Sometimes there are things you would like to do to the video as part of the presentation, such as flipping the video or zooming into a section of the video. We encourage you to look at the extensions added for the video tag before you choose a Canvas option.
Here is a short list of simple rendering options. They are implemented at the native media pipeline level and exposed as properties or methods on the video tag.
- msZoom: when set to true, crops all letterboxes or pillar boxes around the video.
- msSetVideoRectangle: selects a specific rectangular sub-region of the video to be rendered on the video tag. This can be used to zoom into a specific sub-region of the video.
- msHorizontalMirror: flips the video horizontally when set to true.
Here are a few tips for writing DSP plugins.
For video DSP, you should consider using the graphics processing unit (GPU) (i.e. DX Shader code) and avoid software-based implementations as much as possible.
If you are writing multiple DSP filters, you should consider including them in a single Media Foundation Transform (MFT). This reduces the overhead of having two DSP MFTs chained together (although chaining is allowed in the Windows 8 platform).
Here are some considerations when you need to implement other media plugins, such as MF Media Sources or Decoders.
You should keep in mind that codecs for proprietary media formats can typically only operate in software mode. Therefore, they won’t be able to leverage hardware acceleration that is available to other standard media formats, such as H.264.
The plugin components should implement functions to handle Quality-Management (QM) messages. Then the overall media pipeline doesn’t have to take on tasks beyond the system capacity.
Media format selection can be a sensitive topic and is often driven by business decisions. From a Windows 8 performance perspective, we’d like to recommend H.264 video as the primary video format and AAC and MP3 as the preferred audio formats. For local file playback, MP4 is the preferred file container for video content. As we mentioned in the previous section, H.264 decoding is accelerated through most recent graphics hardware. It is also worth mentioning that although hardware acceleration for VC-1 decoding is broadly available, for a large set of graphics hardware on the market, the acceleration is limited in many cases to a partial acceleration level (or IDCT level), rather than a full-steam level hardware offload (i.e. VLD mode). On the audio side, we expect hardware offload solutions will be available for AAC and MP3 on the upcoming Windows 8 SoC devices.
One thing you should consider for your apps or services, if you have full control of the video content generation process, is how to keep a good balance between compression efficiency and GOP structure. Relatively smaller GOP size with B pictures can increase the performance in seeking or trick modes.

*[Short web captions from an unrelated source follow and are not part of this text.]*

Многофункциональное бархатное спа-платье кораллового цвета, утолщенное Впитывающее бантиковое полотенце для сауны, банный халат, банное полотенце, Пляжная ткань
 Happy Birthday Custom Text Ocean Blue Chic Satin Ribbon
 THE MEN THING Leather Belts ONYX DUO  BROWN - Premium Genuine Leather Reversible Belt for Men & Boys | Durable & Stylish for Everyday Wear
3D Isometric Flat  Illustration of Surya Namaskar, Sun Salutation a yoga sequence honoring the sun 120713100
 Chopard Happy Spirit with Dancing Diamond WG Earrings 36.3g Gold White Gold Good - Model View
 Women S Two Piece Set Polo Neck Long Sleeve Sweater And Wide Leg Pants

When including short, low-latency audio effects, for example in games, you should consider using WAV files with uncompressed PCM data to reduce processing overhead that is typical for compressed audio formats.
Scrubbing is always a tough task for media platforms to make really responsive. Here are a couple tips on how to make scrubbing in a custom control as efficient as with the native transport controls.
Set the playbackRate property of the video tag to "0" during scrubbing and reset it back to the pre-scrubbing value afterwards.
Make sure all pixels (or positions) on the slider count. One common mistake is to make apps that use sliders with only a hundred or so valid positions, even though there may be 1200 pixels on the slider. A slider with pixel-precision is always necessary for smooth scrubbing.
Another tip is that apps should avoid layout changes and use msTransform to update the web element positions. This invokes the optimized rendering path internally rather than recalculating the layout again. The slider pointer on a transport control can be a good example to consider.
As mentioned previously, a general recommendation is that you should make the transport controls automatically fade away once there is no user interaction for several seconds. This is extremely helpful during full-screen video playback, though you should consider this even when the video is only a subset of your overall app layout.
The Windows 8 web platform provides basic subtitle functionality based on the <track> element defined in the World Wide Web Consortium (W3C) spec. We adopted Web Video Text Track (WebVTT) and SMPTE Timed Text (SMPTE-TT) as the formats natively supported in HTML5 apps. For the best system performance, we encourage you to leverage what is supported by our web platform. You should keep in mind the possible performance impact if you need to pick a different subtitle data format and handle the parsing of the rendering at the app level.
The video tag has an optional attribute to allow an app to show a poster image before the video data has actually downloaded. This is a great way to make sure network and system resources are used only they are needed, such as when the user decides to actually play the video content. To use this functionality, apps should set the “preload” attribute of the video tag to “none”. The user might have to wait a few seconds more for the content to download, however, it will be more user-friendly in case the app is used in a metered network environment.
It is common for apps to create audio and video tags dynamically during runtime. However, each system has limited resources to support only a certain number of media elements simultaneously. audio and video tags resources might not be freed right away when they are removed from the Document Object Model (DOM) tree, so they will hold onto system sources, such as system memory or GPU memory. One recommendation to mitigate the impact on system resources is to reuse video and audio tags from a pool of already created video and audio tags by setting new sources to the tags. If you need to release a media element, reset the src attribute and remove all “source” elements embedded in the corresponding media element.
To prevent the display from be deactivating when user action is no longer detected, such as when an app is playing video, you can call DisplayRequest.RequestActive.
To conserve power and battery life, you should call DisplayRequest.RequestRelease to release the display request as soon as it is no longer required.
Here are some situations when you should release the display request:
- Video playback is paused, for example by user action, buffering, or adjustment due to limited bandwidth.
- Playback stops. For example, the video is done playing or the presentation is over.
- A playback error has occurred. For example, network connectivity issues or a corrupted file.
For hardware audio offload to be automatically applied, the msAudioCategory must be set to ForegroundOnlyMedia or BackgroundCapableMedia. Hardware audio offload optimizes audio rendering which can improve functionality and battery life.